Whereas today’s marketers are creating standard personas in which to group you, every day these will be more individualized and so will be the messages and benefits you receive. If you turn in any direction, if your eyes scan any object, any manner of signs that your attention is identifiable will be fair game. How you eat, what you eat, when and where you eat can all be tracked in the name of health and weight loss. I’m waiting for the “Peter Griffin Digital Toilet” to show up – it would provide real time health data, be more convenient than a urinalysis and if you don’t like it you don’t have to work here, Mr. Airline Pilot. Talk about your pot of gold! (Sorry, a good joke left un-said is a good life left un-led. Hey, I demand credit for that saying).
The masses are parting with their privacy / security in the name of convenience, productivity, real time search, alerts, career, gaming, gamification, dating, learning, health, you name it. The billions of apps and online service registrations and the one billion smartphones that will be sold in 2013 are only the point of entry. As big data access is liberalized, the very source of a mobile users’ empowerment can also be their downfall. Will the confluence of more data, an expectation of better experience management, more liberal data sharing, online programming training, and possible exploits expose more of your real time personal data beginning in 2013? The next blog post will explore possible implications.

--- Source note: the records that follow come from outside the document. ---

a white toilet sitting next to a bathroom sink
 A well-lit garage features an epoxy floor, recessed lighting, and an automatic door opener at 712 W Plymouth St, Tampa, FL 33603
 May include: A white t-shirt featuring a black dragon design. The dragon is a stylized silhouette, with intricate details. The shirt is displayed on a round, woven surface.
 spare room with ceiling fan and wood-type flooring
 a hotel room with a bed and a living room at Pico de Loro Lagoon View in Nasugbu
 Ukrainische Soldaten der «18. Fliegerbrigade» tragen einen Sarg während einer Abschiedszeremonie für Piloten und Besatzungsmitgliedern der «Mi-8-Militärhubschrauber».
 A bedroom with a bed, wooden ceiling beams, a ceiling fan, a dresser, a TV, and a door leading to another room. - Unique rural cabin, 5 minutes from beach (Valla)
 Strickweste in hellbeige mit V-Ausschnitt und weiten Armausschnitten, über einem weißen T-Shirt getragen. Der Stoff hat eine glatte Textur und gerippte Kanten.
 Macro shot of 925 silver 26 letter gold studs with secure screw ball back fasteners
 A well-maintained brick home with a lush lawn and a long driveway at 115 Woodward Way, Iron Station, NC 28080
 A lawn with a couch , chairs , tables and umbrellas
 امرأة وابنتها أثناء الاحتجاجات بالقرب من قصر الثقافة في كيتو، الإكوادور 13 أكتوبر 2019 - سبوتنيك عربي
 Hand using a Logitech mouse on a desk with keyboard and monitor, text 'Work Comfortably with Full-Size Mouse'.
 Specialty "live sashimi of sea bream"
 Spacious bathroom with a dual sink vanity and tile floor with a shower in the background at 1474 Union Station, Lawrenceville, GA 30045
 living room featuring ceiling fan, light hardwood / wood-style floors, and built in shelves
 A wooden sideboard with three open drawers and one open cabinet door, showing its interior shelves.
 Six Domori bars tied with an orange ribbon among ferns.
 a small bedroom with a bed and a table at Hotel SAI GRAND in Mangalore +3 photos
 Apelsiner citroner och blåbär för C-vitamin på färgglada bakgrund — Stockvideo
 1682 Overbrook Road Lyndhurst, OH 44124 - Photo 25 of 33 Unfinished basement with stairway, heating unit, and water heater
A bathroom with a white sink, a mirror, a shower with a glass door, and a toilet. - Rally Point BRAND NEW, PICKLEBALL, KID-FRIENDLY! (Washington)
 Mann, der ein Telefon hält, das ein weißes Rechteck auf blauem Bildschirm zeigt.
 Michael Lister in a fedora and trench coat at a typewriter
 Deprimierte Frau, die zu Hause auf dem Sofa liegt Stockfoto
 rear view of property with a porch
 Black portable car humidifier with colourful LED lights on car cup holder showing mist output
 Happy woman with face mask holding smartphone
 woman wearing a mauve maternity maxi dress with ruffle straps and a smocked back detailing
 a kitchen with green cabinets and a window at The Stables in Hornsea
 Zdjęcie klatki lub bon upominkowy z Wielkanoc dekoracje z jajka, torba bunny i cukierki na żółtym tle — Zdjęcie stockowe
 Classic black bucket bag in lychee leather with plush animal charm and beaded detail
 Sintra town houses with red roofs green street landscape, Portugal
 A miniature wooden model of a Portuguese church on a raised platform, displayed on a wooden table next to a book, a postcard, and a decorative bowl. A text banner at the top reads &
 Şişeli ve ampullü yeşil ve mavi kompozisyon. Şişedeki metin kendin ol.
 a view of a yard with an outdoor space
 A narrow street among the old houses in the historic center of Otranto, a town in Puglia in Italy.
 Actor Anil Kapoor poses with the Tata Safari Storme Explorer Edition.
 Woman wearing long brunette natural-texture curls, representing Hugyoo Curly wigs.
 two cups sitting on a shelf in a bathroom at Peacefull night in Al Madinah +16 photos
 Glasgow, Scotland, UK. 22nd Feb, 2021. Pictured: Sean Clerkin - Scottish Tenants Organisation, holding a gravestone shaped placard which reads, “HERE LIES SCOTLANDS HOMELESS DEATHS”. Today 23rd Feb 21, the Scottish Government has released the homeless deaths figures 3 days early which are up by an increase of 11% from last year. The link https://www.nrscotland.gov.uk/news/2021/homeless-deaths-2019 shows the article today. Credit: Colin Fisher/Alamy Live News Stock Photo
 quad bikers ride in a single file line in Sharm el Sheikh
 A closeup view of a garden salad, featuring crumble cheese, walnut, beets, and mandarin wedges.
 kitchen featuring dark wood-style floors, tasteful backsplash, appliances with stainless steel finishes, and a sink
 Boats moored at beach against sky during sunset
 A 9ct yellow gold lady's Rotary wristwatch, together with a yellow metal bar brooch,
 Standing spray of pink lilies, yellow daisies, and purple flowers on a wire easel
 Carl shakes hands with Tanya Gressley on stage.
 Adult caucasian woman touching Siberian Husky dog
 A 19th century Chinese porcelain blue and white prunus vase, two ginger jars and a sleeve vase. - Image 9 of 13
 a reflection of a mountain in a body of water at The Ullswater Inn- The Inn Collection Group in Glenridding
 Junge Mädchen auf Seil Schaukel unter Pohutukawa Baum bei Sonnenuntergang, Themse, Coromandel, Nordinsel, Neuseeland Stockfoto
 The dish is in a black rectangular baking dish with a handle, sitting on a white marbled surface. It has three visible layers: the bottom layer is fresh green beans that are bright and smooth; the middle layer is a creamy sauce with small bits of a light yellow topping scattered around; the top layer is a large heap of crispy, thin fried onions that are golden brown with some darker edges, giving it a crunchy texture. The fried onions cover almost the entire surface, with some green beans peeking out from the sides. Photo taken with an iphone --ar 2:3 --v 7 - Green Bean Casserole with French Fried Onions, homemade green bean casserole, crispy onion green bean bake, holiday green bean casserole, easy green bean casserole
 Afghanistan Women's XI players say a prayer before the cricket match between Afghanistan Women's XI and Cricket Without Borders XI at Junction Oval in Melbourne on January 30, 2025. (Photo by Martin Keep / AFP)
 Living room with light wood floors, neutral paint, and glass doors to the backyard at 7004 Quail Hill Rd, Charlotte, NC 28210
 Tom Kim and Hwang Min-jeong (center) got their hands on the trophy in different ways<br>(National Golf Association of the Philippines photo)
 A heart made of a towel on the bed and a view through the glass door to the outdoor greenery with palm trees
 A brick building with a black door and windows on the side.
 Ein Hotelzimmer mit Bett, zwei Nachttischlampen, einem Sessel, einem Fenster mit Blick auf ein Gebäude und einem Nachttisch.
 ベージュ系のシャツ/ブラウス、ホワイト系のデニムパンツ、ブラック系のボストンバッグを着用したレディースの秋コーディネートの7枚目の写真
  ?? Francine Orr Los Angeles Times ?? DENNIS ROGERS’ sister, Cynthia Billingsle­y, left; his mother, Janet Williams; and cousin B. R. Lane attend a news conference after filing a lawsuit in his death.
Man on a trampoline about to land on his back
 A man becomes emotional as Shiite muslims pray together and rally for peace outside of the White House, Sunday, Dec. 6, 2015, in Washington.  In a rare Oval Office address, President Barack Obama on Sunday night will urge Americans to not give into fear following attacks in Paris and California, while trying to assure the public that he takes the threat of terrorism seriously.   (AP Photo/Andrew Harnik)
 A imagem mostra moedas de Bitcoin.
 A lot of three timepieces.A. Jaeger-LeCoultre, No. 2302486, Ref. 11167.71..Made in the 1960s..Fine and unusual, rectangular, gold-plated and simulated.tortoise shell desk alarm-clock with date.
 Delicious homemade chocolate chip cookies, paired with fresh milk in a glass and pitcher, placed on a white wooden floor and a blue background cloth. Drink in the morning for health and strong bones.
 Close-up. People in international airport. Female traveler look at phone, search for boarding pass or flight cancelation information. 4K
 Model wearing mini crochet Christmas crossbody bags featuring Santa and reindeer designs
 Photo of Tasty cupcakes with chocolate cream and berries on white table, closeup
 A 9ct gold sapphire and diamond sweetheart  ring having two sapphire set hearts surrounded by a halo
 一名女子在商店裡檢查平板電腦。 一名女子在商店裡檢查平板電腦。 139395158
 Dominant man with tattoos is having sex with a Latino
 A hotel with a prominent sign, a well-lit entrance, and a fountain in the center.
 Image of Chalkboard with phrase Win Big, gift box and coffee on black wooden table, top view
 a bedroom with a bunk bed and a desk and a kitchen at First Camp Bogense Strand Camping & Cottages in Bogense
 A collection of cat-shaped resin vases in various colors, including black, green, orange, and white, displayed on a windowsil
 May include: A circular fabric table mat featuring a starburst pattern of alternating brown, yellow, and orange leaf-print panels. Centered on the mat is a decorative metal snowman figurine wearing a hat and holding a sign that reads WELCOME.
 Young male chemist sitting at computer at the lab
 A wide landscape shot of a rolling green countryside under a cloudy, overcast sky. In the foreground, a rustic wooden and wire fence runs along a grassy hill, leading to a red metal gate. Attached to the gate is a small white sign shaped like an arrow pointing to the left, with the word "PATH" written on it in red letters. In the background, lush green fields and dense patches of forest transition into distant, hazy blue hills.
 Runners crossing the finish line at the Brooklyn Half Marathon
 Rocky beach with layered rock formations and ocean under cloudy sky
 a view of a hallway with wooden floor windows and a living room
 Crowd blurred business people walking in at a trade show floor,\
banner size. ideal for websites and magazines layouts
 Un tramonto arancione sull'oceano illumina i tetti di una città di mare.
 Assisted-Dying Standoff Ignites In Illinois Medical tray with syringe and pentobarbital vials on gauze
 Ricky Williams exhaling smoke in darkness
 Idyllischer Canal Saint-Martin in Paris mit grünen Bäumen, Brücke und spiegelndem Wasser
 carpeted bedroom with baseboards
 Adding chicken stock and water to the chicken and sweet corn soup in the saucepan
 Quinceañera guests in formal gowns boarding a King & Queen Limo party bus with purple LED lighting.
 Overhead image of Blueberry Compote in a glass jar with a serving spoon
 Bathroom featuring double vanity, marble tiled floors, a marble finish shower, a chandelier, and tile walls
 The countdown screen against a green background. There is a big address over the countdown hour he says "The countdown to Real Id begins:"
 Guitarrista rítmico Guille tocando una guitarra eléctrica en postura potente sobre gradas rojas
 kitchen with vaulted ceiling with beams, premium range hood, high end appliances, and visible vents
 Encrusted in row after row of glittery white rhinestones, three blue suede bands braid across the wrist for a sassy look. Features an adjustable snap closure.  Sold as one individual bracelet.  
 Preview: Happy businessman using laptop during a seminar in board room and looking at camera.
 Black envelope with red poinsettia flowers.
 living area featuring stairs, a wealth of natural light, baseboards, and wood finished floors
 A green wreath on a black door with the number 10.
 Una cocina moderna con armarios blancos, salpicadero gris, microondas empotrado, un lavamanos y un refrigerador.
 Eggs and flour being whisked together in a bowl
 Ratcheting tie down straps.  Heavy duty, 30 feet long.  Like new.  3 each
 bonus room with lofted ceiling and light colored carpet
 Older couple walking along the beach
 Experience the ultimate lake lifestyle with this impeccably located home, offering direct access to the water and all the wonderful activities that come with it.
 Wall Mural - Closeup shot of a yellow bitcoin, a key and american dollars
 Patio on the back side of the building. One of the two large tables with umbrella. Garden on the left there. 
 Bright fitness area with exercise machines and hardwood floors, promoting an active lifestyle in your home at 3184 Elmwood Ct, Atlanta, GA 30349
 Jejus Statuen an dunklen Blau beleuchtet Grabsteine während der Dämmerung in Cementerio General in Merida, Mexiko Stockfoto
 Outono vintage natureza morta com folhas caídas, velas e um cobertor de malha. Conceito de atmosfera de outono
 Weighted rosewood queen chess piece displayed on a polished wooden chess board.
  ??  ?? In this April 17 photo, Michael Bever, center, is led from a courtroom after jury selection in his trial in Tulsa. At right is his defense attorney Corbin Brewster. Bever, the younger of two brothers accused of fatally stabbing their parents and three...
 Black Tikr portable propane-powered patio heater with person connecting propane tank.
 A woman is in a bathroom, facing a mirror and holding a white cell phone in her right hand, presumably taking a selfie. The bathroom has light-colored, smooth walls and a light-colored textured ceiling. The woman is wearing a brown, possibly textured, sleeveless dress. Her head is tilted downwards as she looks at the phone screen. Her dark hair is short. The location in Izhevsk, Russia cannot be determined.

The evolution of the SOLOMO web is affecting us all in profound ways, good, great and cautionary. I can’t get enough of the innovation and resultant utility that the tech industry brings us every day. Every other blog seems to focus on the coming blessings of mobility. Its true that there are things that personalized mobility will do for us that will make us wonder how we ever got along without them. Folks should also consider the issues that might arise as a consequence of the opportunities. The thousands of industry professionals should continue to go full bore into creating the future. They would be wise to also think a few steps further about how the decisions they make regarding access to end-users’ data could produce undesired outcomes. My next post (3rd of 4) will explore legalities and practicalities of privacy rights. Part four of this post will list some of the companies bringing us these new capabilities. Regardless, unless you are a Tibetan monk or understand the deep web, you might as well get used to it. It’s a brave new world.